Pernyataan itu disampaikan Sekretaris Umum Dewan Pimpinan Pusat Gerakan Angkatan Muda Kristen Indonesia (DPP GAMKI) Sahat Martin Philip Sinurat saat menjadi narasumber iBreak, iNews, Jumat, 12 November 2021.
“Namun, sekarang ini justru banyak anak muda yang bersikap eksklusif, hanya mau berada di komunitasnya saja, tidak peduli dengan yang lain,” ungkap Sahat.

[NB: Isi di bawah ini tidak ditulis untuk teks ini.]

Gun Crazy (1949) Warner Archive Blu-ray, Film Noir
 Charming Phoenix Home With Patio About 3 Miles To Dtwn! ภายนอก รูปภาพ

Lebih lanjut Sahat menerangkan, di era digital sekarang, yang menjadi tantangan terbesar adalah bagaimana media sosial dimanfaatkan sebagai medium untuk menyebarkan pemikiran-pemikiran moderat, bukan justru digunakan untuk menyebarkan pemikiran radikal.
Sahat menggarisbawahi, pengertian moderasi beragama itu berbeda dengan moderasi agama.
“Agama mengajarkan nilai-nilai kebaikan, kebenaran; agama mengajak kita untuk peduli dengan nilai-nilai kemanusiaan. Yang lebih penting adalah bagaimana beragama dengan cara yang tidak berlebihan dan tidak melupakan kehidupan sosial masyarakat,” terangnya.
Saat ditanya bagaimana cara menanamkan nilai-nilai moderasi di generasi milenial, Sahat menjelaskan bahwa peran yang paling penting ada pada dunia pendidikan formal.
“Pertama, kehadiran Kementerian Agama dan Kemendikbud sangat penting untuk mengajarkan bagaimana kita melihat agama dari perspektif yang moderat, bukan hanya dari agama kita, tapi juga dari kehidupan berbangsa dan bernegara. Yang kedua, bagaimana pemuda terlibat dalam komunitas-komunitas yang bisa membangun secara positif,” tegas Sahat.
Mantan Ketua Umum GMKI ini menekankan, generasi kitalah yang menjadi generasi penerus bangsa. Kalau kita hanya memikirkan nasib golongan kita saja bagaimana Indonesia bisa maju.
“Sebaliknya, kalau kita bisa bergotong royong, pasti ke depannya Indonesia bisa maju,” pungkasnya.